- _EXERCISE INSTRUCTIONS_: Work through the data line by line, gathering every line that has the word "Black".
::::::::::
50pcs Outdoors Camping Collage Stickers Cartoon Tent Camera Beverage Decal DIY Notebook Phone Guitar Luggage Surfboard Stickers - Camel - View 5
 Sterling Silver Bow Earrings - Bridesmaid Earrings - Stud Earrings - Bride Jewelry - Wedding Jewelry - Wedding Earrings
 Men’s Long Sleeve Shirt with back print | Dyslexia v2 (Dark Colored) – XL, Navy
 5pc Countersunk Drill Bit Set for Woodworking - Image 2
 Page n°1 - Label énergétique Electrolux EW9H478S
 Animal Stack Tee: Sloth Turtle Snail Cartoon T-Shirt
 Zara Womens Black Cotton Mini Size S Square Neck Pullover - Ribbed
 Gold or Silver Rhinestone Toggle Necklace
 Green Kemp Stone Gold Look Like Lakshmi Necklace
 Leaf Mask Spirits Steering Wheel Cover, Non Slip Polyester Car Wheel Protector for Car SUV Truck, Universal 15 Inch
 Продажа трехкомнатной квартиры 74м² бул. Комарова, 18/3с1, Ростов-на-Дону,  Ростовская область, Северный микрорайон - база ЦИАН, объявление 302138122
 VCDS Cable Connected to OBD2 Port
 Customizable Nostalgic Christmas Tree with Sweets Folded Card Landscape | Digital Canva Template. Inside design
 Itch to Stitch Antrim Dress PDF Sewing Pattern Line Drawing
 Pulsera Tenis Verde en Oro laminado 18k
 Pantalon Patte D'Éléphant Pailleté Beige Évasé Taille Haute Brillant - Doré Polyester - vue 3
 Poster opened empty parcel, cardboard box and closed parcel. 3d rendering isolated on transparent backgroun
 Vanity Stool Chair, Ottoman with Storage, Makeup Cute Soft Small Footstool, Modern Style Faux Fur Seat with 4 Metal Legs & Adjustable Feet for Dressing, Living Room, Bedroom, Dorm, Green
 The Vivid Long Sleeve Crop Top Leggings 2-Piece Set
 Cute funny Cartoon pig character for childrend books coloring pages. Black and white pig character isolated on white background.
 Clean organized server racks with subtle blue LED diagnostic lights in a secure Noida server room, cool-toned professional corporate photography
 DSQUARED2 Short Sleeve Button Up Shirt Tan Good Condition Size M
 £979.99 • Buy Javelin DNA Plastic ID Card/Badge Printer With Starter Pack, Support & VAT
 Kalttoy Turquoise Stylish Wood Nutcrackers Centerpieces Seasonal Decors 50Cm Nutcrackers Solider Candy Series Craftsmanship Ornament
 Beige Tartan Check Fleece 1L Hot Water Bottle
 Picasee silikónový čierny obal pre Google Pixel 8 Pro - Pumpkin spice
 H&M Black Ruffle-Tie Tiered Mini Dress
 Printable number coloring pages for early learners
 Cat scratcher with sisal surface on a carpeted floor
::::::::::
- _OUTPUT OF THE EXERCISE_:
 Zara Womens Black Cotton Mini Size S Square Neck Pullover - Ribbed
 Cute funny Cartoon pig character for childrend books coloring pages. Black and white pig character isolated on white background.
 H&M Black Ruffle-Tie Tiered Mini Dress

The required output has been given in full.